_Material provided_

....

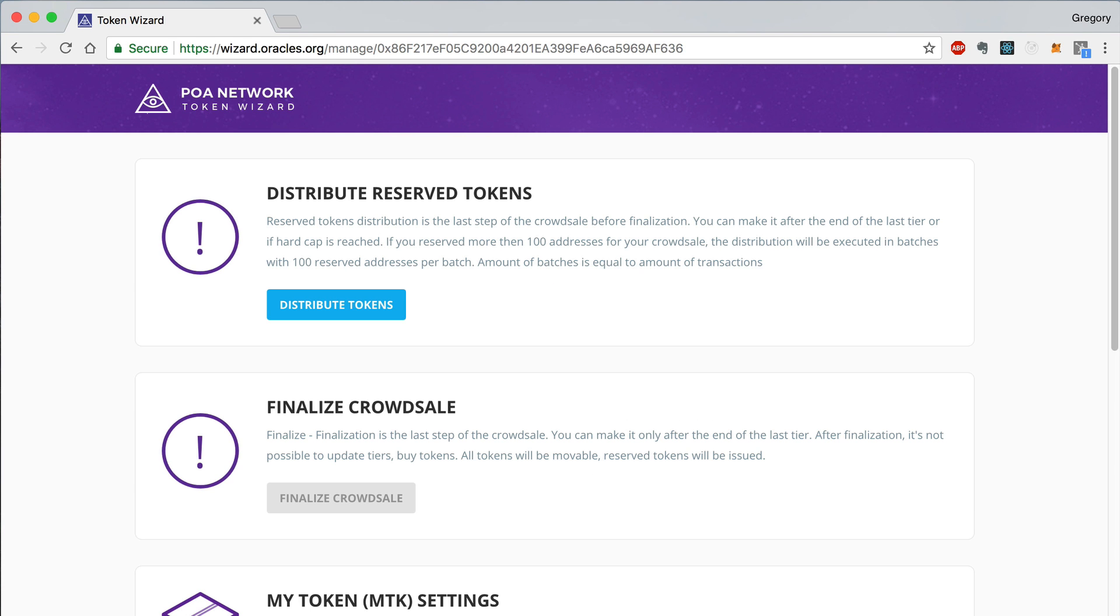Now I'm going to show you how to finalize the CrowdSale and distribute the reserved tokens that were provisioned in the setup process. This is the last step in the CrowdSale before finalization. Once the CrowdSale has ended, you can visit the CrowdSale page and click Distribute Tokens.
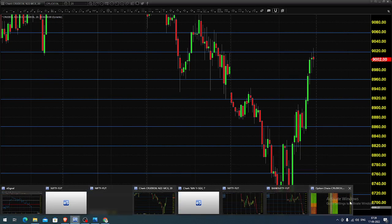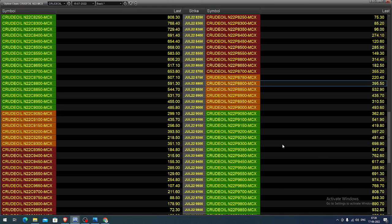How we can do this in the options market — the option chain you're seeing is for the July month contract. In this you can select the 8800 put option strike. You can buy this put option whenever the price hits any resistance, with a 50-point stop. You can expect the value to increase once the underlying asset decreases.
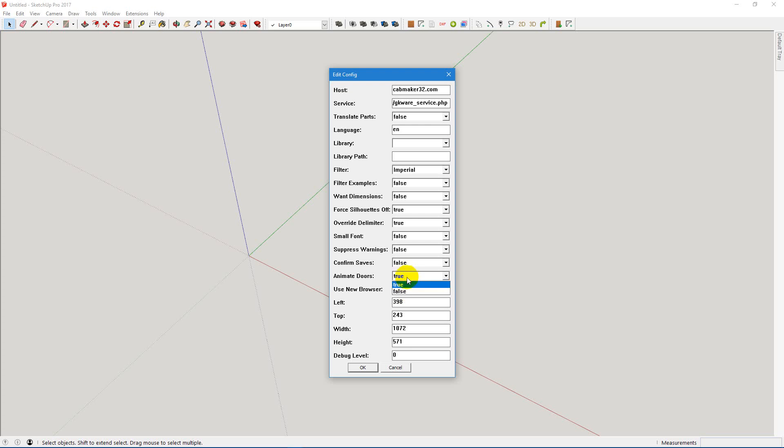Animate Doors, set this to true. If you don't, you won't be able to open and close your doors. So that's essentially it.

....

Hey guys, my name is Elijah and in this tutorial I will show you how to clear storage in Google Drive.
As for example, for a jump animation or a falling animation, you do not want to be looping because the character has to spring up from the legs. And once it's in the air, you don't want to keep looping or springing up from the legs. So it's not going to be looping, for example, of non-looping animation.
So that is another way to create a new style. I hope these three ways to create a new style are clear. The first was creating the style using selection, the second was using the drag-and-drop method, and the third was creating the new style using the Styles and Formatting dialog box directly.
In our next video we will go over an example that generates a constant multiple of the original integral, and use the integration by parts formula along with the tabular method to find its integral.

....

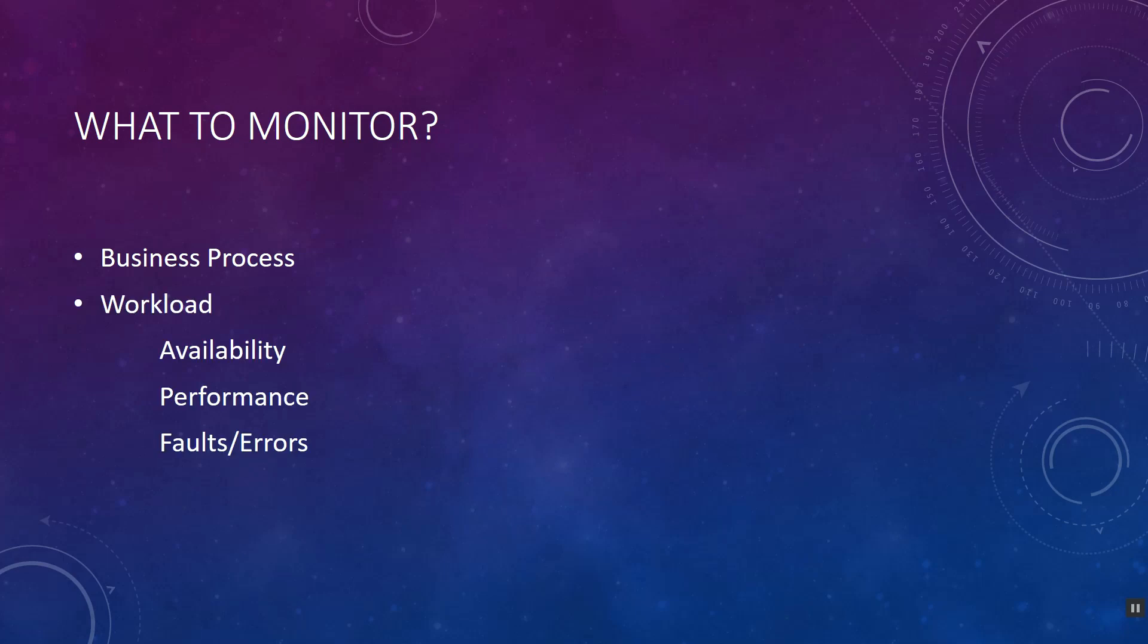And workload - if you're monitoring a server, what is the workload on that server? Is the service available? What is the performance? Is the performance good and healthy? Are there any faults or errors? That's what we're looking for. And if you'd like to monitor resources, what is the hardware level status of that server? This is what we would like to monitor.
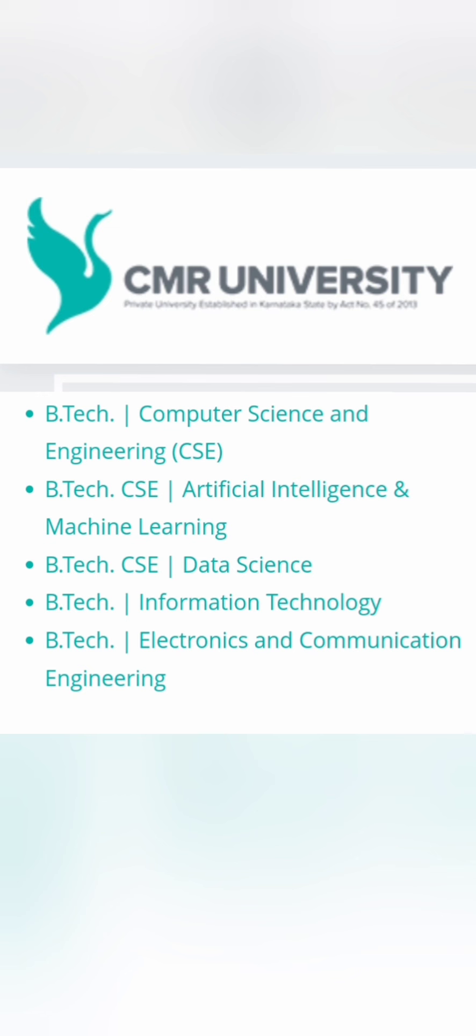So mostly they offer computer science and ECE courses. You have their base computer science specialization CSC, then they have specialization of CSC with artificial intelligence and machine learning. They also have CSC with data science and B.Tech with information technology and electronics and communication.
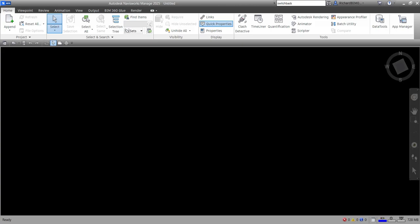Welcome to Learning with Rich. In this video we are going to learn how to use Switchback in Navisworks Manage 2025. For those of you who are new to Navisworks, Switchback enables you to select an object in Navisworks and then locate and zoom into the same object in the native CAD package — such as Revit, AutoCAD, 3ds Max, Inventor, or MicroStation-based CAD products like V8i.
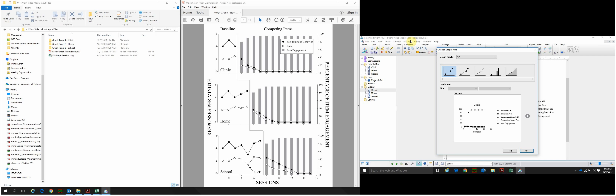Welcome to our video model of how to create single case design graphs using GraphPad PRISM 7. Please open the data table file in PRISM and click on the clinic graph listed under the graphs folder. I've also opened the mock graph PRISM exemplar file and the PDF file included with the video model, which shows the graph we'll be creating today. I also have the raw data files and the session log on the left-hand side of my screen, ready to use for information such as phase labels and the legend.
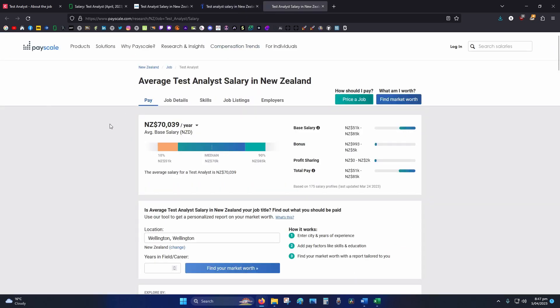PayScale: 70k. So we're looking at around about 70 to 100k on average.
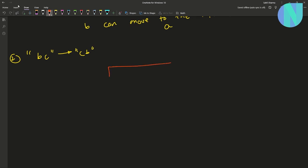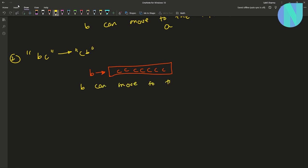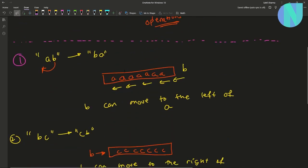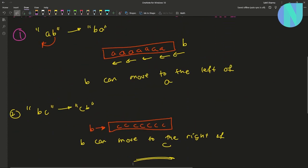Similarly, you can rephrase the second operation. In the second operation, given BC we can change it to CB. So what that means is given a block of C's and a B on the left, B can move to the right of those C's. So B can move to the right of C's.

....

_Exercise instructions_
Look above for the line with "PayScale: 70k. So" and the line with "Similarly, you can". Copy them and every line between, exactly, but no pictures.

_Written response_
PayScale: 70k. So we're looking at around about 70 to 100k on average.
Similarly, you can rephrase the second operation. In the second operation, given BC we can change it to CB. So what that means is given a block of C's and a B on the left, B can move to the right of those C's. So B can move to the right of C's.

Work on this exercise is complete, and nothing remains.